# Homework Help: Sum of a ? Series

1. Feb 28, 2010

### thyrsta

1. The problem statement, all variables and given/known data

I have a question involving the sum of a series. I have already worked out a series, and the equation for a term in the series is:

((ln a)^n)/n!

a is just a variable, and n is the position in the sequence

a variation is:

(ln a)*((ln a)^(n-1))/n!

How would I start writing an equation for the sum of the series?

3. The attempt at a solution
I tried using the variation and treating it as a geometric series, with (ln a) as the first term, but that didn't work, for obvious reasons, since the second part isn't exactly the difference/scalar

2. Feb 28, 2010

### rock.freak667

For a minute let's make a quick substitution of x=lna

does the infinite sum of xn/n! look familiar?

3. Feb 28, 2010

### thyrsta

Sorry, no.
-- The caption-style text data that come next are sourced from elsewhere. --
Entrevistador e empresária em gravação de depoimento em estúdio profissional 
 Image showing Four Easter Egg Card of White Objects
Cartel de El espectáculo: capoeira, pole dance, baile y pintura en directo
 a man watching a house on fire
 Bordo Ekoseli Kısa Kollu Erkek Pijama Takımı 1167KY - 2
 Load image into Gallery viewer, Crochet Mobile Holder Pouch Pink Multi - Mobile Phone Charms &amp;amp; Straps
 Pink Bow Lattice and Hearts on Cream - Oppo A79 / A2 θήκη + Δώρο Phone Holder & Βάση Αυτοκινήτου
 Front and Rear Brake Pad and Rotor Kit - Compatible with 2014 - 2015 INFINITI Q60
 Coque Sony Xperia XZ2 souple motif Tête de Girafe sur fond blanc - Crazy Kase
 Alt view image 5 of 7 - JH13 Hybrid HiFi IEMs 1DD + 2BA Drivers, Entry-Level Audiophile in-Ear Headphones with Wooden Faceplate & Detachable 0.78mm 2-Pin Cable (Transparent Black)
I haven't learned much more beyond simple geometric and arithmetic series

4. Feb 28, 2010

### rock.freak667

Have you learned the Taylor/Maclaurin series of ex?

5. Feb 28, 2010

### thyrsta

No I haven't

6. Feb 28, 2010

### rock.freak667

In that case, without using the direct result of

$$e^x = \sum_{n=0} ^{\infty} \frac{x^n}{n!}$$

I am not sure how to get you a closed for solution.

7. Feb 28, 2010

### thyrsta

so eln a=a

But is there any way to have an equation that would give you the sum of a given number of terms in the series?

8. Feb 28, 2010

### Dick

I don't think so. It's not a geometric series.